▸ **Instructions to follow**
Your job is to give again, exactly and with no additions, the lines in the records below from the one with "auna MIC-920B - USB" through the one with "Hansgrohe AXOR ShowerSolutions", both included. Omit the pictures.

▸ **Dataset extract**
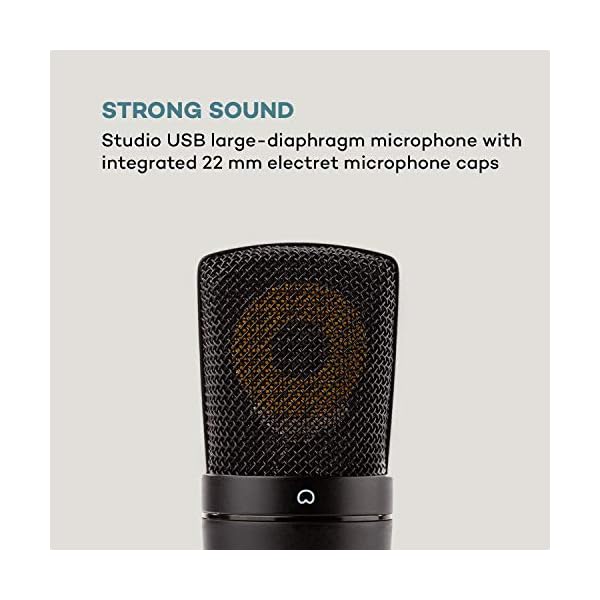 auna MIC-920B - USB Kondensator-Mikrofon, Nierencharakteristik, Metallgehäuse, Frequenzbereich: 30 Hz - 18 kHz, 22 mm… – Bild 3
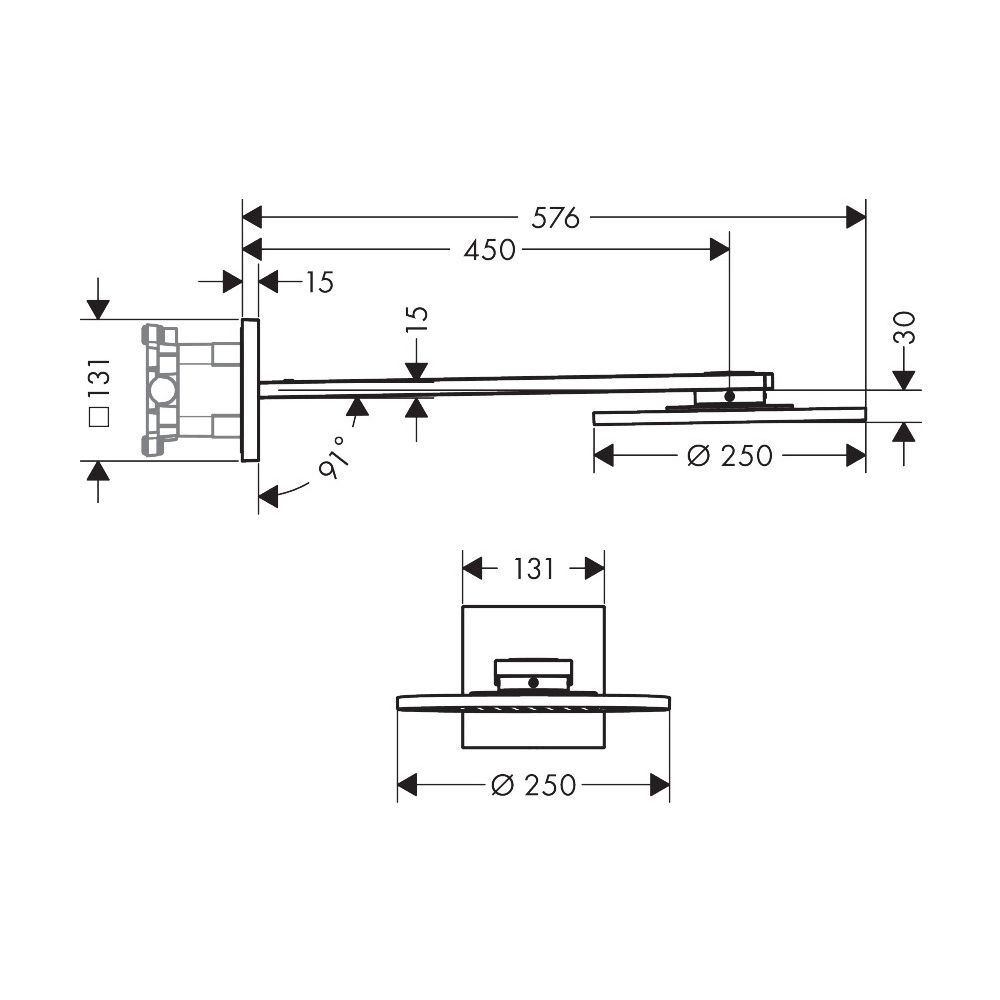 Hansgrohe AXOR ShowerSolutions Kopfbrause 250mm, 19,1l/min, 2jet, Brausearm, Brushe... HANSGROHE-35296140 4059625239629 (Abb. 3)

* * *

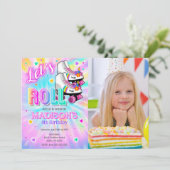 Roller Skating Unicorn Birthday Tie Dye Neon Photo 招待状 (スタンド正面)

▸ **Response to the exercise**
 auna MIC-920B - USB Kondensator-Mikrofon, Nierencharakteristik, Metallgehäuse, Frequenzbereich: 30 Hz - 18 kHz, 22 mm… – Bild 3
 Hansgrohe AXOR ShowerSolutions Kopfbrause 250mm, 19,1l/min, 2jet, Brausearm, Brushe... HANSGROHE-35296140 4059625239629 (Abb. 3)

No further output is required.